A
envergonhada (mas voraz) privatização sob Lula 3
Prossegue,
com impulso do ministério da Fazenda, a submissão ao poder dos rentistas. Por
um lado, restringe-se o investimento público. Por outro, centenas de
“concessões”, PPPs e PPIs entregam a interesses privados o grosso da
infraestrutura do país — e até mesmo escolas e presídios...
A
política de austericídio que vem sendo praticada há algumas décadas em nosso
país pelos sucessivos governos que administraram o Palácio do Planalto tem
provocado um conjunto nefasto de consequências. Isso ocorre em termos do
aprofundamento das condições de vidada maioria da população, quer seja em
termos econômicos ou em termos sociais. A combinação perversa de política
monetária arrochada com austeridade fiscal rigorosa provoca a redução da
capacidade de realização de despesas primárias por parte do Estado e o aumento
extraordinário dos gastos financeiros com o pagamento de juros da dívida
pública.
Do
ponto de vista da evolução histórica, um dos elementos mais dramáticos de tal
conservadorismo na condução da política econômica tem sido a política
privatizante levada a cabo desde então.

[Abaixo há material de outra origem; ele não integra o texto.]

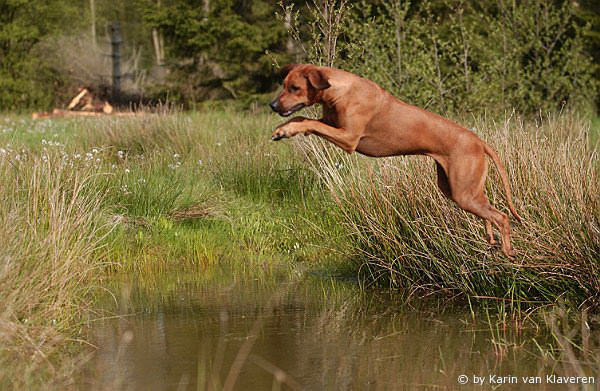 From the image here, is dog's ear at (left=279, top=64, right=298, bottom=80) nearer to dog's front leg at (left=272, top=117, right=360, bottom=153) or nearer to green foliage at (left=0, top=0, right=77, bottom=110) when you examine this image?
dog's front leg at (left=272, top=117, right=360, bottom=153)

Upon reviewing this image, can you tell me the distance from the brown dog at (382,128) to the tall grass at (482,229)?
0.68 metres

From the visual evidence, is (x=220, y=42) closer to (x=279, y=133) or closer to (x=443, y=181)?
(x=443, y=181)

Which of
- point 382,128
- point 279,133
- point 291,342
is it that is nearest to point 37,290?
point 291,342

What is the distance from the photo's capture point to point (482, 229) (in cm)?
763

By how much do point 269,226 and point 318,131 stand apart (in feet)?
16.2

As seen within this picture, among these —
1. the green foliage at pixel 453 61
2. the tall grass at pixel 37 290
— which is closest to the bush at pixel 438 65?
the green foliage at pixel 453 61

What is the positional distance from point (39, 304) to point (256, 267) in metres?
3.83

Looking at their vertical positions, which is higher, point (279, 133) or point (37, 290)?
point (279, 133)

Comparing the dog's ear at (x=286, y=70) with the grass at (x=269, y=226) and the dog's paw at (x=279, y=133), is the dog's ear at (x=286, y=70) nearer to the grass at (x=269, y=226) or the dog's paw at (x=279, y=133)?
the dog's paw at (x=279, y=133)

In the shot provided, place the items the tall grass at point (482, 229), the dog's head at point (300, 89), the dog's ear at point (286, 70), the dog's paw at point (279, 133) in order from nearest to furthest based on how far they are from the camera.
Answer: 1. the dog's paw at point (279, 133)
2. the dog's head at point (300, 89)
3. the dog's ear at point (286, 70)
4. the tall grass at point (482, 229)

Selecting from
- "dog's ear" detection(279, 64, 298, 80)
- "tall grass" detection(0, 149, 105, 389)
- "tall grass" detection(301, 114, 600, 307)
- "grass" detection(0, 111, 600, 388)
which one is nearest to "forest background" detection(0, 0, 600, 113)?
"grass" detection(0, 111, 600, 388)

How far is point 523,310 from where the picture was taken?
24.5 feet

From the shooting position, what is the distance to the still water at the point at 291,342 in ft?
19.5

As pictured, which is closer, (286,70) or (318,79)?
(318,79) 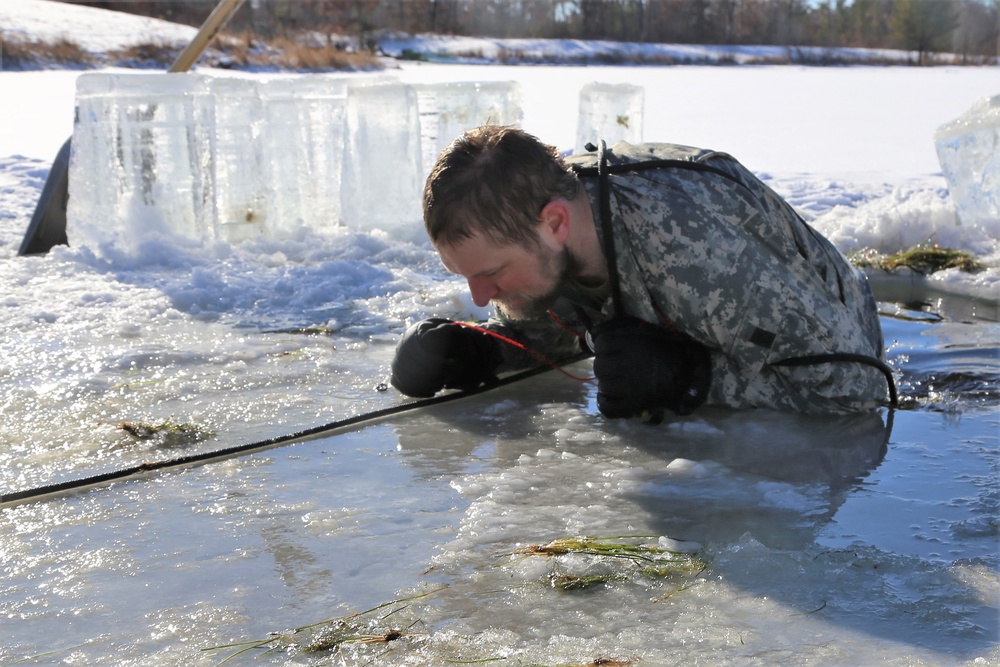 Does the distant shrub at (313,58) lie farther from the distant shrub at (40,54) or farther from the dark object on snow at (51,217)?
the dark object on snow at (51,217)

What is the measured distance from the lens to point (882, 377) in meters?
3.15

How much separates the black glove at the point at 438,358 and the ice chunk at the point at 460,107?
144 inches

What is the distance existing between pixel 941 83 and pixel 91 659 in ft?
68.8

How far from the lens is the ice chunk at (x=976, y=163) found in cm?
589

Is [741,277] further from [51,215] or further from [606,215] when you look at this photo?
[51,215]

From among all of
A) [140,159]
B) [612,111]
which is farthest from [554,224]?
[612,111]

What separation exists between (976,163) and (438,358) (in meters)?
4.04

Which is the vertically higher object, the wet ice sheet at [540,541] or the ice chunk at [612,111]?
the ice chunk at [612,111]

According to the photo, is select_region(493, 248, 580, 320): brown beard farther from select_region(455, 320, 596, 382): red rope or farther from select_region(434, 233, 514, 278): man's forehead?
select_region(455, 320, 596, 382): red rope

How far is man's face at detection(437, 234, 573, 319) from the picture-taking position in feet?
8.98

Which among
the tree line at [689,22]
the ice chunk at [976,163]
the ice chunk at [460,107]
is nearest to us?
the ice chunk at [976,163]

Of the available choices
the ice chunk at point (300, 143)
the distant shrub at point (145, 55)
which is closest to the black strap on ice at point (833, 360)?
the ice chunk at point (300, 143)

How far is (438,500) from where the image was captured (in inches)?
102

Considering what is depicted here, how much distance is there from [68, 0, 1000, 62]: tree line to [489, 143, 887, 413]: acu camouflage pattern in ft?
63.3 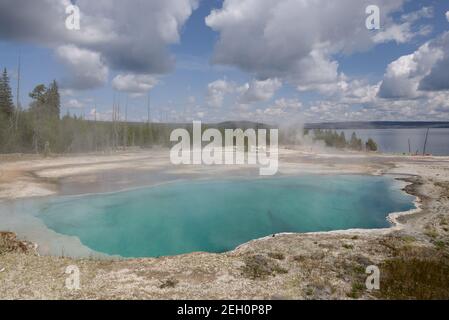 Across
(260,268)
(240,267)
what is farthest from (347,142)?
(240,267)

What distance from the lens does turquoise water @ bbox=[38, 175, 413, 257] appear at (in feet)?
64.0

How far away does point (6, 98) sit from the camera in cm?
6594

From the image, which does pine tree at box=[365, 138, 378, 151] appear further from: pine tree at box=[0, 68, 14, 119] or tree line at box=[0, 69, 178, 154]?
pine tree at box=[0, 68, 14, 119]

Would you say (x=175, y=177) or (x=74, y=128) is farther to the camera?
(x=74, y=128)

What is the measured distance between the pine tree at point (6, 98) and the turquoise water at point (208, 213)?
50037 mm

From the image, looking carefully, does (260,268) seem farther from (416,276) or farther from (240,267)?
(416,276)

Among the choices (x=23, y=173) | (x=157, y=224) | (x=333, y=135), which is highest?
(x=333, y=135)

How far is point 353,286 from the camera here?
444 inches

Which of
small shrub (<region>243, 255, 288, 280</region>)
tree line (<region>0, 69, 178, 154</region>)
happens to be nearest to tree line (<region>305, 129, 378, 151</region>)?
tree line (<region>0, 69, 178, 154</region>)

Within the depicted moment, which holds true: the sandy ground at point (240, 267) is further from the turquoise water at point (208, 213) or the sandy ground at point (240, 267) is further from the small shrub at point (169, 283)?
the turquoise water at point (208, 213)

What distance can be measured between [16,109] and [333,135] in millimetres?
95459

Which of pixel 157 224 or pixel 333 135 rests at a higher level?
pixel 333 135

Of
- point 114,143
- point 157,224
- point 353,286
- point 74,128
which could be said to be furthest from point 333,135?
point 353,286

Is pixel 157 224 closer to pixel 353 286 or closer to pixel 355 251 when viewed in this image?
pixel 355 251
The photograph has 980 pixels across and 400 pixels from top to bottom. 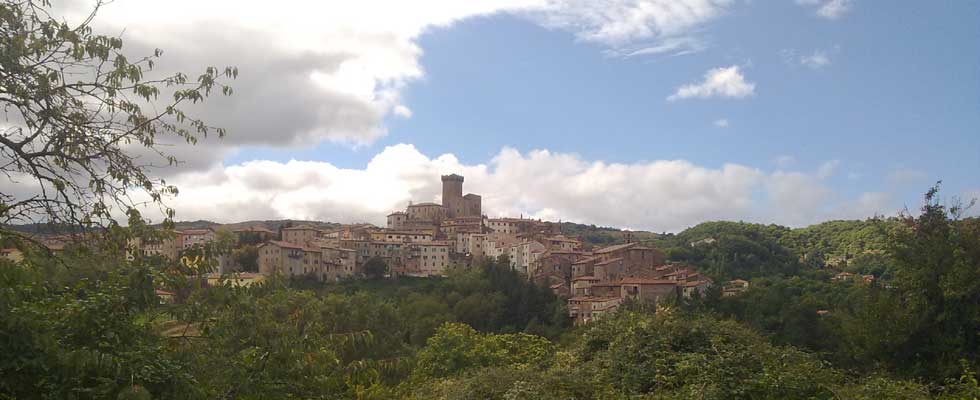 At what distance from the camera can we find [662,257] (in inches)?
2881

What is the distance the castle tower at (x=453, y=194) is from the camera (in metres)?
104

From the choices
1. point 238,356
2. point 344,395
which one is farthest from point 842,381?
point 238,356

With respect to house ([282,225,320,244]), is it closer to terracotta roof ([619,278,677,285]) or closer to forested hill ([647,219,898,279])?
terracotta roof ([619,278,677,285])

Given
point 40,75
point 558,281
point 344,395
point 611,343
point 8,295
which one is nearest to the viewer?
point 8,295

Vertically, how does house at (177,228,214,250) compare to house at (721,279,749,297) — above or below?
above

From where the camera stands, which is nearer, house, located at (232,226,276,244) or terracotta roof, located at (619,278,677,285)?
terracotta roof, located at (619,278,677,285)

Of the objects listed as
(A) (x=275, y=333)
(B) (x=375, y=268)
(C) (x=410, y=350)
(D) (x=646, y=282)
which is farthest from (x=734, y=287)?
(A) (x=275, y=333)

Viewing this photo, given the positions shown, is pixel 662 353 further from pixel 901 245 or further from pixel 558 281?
pixel 558 281

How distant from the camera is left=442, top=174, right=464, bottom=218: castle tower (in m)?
104

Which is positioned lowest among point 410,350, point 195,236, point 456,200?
point 410,350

Na verdade, os processos de
privatização caracterizam-se por um conjunto amplo de modalidades de aumento da
participação do capital privado na esfera que pertencia ao Estado, por exemplo
na oferta de bens e serviços públicos de forma geral. Assim, caracteriza-se
como uma tentativa de narrativa enganosa o discurso de que “concessão não é
privatização”, por exemplo. Trata-se de uma desculpa esfarrapada de quem se vê
no incômodo de defender o indefensável, ou seja, o fato de que durante os
sucessivos governos do Partido dos Trabalhadores (PT) houve um aumento das
estatísticas expressando a elevação da participação do capital privado em um
sem-número de atividades tradicionalmente sob a responsabilidade do setor
público.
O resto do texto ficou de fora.